Tema da tese: Real-Time Simulation of Supply Chain Processes Supported by Big Data in an Industry 4.0 Context
Autor: António Amaro Costa Vieira
Programa Doutoral: Programa Doutoral em Sistemas Avançados de Engenharia para a Indústria
Orientadores: Luis Miguel da Silva Dias, Maribel Yasmina Campos Alves Santos
Data de Defesa: 02/10/2019
The dynamic and complex nature of Supply Chains exposes these networks to disruptive events, which have consequences that are hard to quantify. To avoid such problems, simulation may be used, as it allows the uncertain and dynamic nature of systems to be considered. Furthermore, such systems comprise several processes, with the respective sources generating data with increasingly high volumes and velocities.

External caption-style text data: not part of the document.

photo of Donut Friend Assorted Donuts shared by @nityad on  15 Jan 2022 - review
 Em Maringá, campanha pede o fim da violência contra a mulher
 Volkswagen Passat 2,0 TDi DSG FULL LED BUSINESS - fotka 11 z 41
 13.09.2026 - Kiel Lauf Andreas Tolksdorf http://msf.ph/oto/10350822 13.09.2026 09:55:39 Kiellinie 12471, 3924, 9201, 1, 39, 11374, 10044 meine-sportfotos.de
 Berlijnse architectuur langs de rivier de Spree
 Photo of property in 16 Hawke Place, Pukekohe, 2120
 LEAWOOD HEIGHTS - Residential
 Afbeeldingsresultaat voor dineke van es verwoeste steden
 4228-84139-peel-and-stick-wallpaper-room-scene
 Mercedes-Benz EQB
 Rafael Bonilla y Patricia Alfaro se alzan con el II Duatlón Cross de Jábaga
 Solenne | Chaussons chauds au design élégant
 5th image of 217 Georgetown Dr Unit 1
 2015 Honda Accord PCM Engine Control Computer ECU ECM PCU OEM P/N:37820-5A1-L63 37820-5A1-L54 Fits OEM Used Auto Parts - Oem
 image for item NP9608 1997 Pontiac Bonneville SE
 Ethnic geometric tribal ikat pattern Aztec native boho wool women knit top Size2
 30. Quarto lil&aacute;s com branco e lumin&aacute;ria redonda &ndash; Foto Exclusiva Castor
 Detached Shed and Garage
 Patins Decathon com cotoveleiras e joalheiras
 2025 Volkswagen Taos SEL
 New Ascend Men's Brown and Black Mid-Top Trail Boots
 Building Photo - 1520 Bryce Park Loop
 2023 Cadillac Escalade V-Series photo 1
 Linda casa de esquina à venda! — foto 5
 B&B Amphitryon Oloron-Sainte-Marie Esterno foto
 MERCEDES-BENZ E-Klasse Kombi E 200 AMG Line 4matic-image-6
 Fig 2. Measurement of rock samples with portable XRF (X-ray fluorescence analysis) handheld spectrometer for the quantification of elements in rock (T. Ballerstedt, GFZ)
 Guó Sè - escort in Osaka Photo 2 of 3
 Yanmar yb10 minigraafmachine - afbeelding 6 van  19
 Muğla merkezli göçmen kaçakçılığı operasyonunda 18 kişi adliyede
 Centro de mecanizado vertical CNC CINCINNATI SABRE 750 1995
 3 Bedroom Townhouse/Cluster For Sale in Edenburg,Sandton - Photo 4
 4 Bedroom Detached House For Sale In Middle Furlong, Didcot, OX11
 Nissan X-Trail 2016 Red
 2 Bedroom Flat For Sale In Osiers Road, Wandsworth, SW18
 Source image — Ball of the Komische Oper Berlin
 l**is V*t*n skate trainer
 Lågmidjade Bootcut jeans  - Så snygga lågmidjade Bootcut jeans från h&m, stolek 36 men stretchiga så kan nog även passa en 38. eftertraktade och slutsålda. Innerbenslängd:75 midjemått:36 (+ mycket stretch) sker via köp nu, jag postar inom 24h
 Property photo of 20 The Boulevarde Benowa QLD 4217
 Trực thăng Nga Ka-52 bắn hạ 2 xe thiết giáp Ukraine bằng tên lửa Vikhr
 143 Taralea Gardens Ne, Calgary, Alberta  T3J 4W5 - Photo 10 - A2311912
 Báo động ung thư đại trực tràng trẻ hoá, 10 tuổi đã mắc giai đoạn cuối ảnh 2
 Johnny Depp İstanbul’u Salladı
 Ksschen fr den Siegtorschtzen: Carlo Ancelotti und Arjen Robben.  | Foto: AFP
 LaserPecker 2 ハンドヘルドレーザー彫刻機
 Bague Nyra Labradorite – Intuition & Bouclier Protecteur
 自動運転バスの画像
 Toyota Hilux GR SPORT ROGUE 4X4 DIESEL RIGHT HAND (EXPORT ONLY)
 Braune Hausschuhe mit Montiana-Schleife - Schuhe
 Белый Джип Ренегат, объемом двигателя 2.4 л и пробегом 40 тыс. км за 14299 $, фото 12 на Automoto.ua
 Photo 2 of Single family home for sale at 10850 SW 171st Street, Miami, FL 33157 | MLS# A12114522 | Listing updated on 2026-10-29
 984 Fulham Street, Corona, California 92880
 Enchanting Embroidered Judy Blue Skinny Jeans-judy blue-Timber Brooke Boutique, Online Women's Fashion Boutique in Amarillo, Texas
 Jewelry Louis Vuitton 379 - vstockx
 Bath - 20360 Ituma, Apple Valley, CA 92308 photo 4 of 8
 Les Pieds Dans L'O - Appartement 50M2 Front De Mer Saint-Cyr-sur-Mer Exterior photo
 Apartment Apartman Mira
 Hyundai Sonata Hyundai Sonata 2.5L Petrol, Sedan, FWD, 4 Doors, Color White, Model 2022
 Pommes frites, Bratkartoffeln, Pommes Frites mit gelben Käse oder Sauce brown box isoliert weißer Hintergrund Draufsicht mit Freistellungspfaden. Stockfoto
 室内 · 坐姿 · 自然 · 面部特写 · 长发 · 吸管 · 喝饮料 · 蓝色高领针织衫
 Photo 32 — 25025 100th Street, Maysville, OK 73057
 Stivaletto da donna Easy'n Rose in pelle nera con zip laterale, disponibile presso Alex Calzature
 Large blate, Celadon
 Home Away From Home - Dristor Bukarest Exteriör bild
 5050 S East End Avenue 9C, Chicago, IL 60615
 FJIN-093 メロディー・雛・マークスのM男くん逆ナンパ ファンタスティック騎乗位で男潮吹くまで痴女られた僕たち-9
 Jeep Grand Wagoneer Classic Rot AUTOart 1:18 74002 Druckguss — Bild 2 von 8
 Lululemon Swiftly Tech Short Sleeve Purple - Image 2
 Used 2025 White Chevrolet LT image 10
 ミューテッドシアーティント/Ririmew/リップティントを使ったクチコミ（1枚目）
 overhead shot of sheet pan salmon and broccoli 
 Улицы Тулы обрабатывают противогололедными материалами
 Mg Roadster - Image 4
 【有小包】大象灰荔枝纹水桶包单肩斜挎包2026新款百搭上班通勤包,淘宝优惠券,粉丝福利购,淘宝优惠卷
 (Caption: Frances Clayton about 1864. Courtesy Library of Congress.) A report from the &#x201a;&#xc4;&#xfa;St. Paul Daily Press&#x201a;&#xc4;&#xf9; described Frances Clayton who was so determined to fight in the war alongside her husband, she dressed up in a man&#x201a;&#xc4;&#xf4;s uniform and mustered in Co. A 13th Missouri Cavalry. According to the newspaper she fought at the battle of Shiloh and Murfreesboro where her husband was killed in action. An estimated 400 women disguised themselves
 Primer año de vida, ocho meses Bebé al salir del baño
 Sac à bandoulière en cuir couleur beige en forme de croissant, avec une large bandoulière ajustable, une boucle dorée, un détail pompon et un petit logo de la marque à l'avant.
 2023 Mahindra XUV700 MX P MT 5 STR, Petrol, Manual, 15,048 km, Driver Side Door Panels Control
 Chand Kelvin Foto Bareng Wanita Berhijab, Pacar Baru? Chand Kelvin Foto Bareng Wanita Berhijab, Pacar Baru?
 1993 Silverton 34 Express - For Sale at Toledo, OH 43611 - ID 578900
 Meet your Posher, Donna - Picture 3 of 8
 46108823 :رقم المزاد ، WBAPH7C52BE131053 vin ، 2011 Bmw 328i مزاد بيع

This data can add the required level of detail to the simulation models, hence paving the way for the development of simulation models in Big Data contexts.
This thesis analyzed the real case of an automotive electronics Supply Chain and proposed a Decision-Support System, supported by a Big Data Warehouse and a simulation model. The first stores and integrates data from multiple sources and the second reproduces movements of goods and information exchanges from such data, incorporates risks and allows their impact to be analyzed.
Albeit the organization, where this thesis was inserted, has technological conditions and reference business processes, several data problems were observed. Simulation was used to detect and bypass some of these issues, since those incoherencies were only identified by the needs inherent to the use of simulation. The identification of such issues in this excellence environment suggests the novelty of this research and that similar projects may experience equivalent problems. Hence, a classification of the identified data issues was proposed, serving as a milestone for future similar projects. Having bypassed such data issues, simulation was used to support the decision-making, allowing to: (1) run simulations using the stored data; (2) incorporate risks either by allowing users to fire disruptions in runtime, or by applying statistical distributions; (3) adapt the simulation model in real-time to eventual data changes; (4) load the system’s state from the data to analyze specific time slots without having to wait for the simulation to reach the start of the analysis; (5) and allow the simulation to run beyond the stored data, adding, thus, predictive features to the simulation models.